START Data excerpt

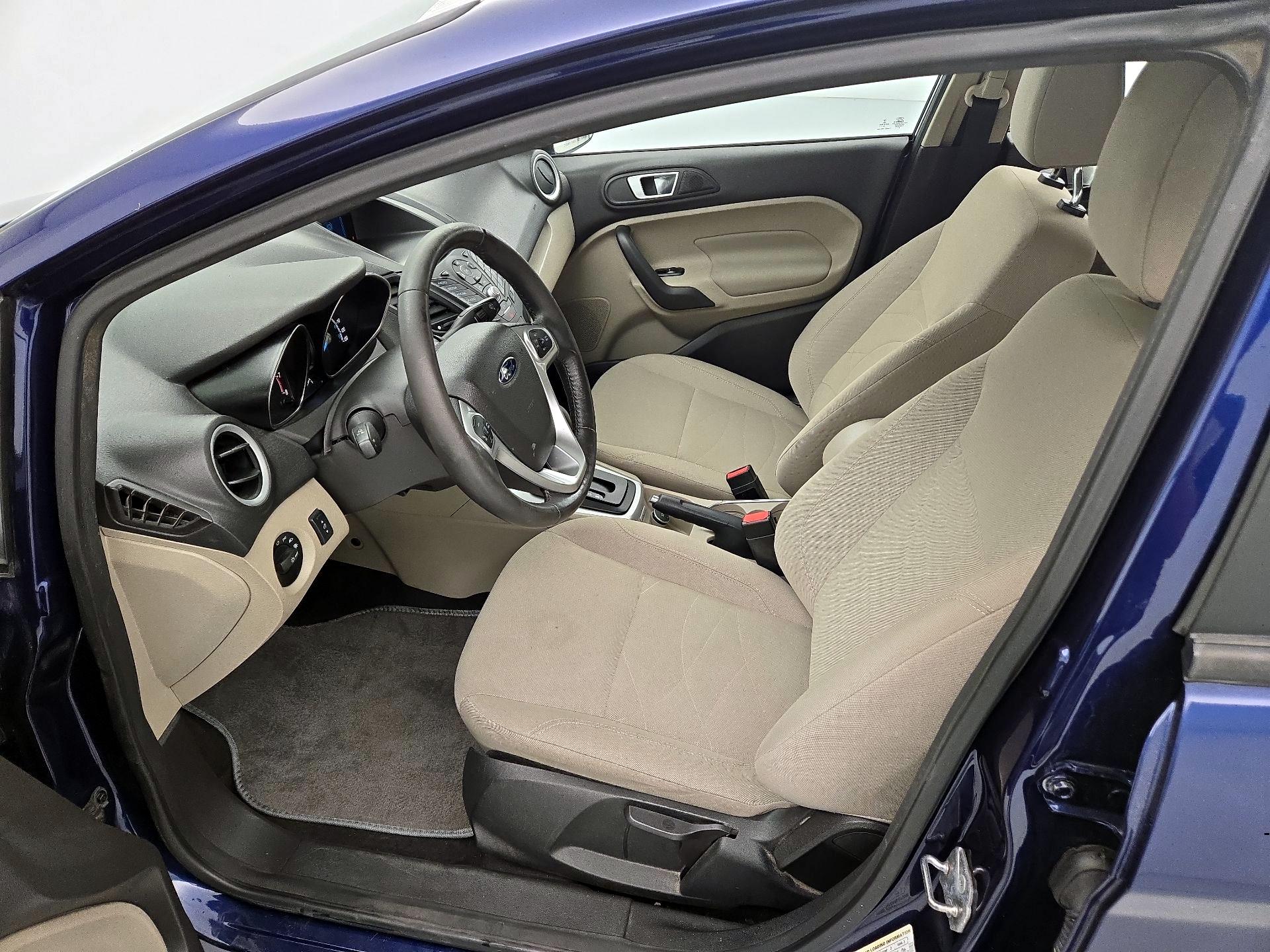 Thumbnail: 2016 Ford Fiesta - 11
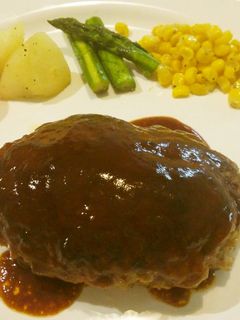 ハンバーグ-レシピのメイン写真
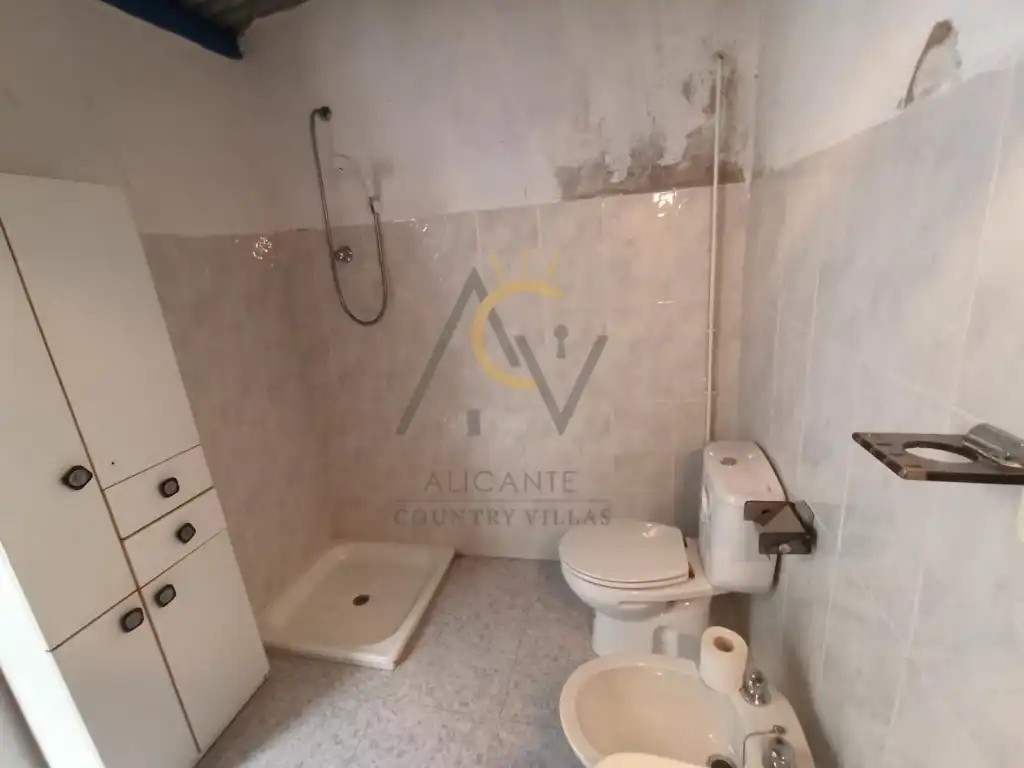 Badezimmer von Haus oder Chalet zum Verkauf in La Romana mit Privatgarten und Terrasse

END Data excerpt

**Work task**
What do the lines above say from the line containing "ハンバーグ-レシピのメイン写真" through the last line? Quote them exactly, both ends included, and leave out the pictures.

**Result for this exercise**
 ハンバーグ-レシピのメイン写真
 Badezimmer von Haus oder Chalet zum Verkauf in La Romana mit Privatgarten und Terrasse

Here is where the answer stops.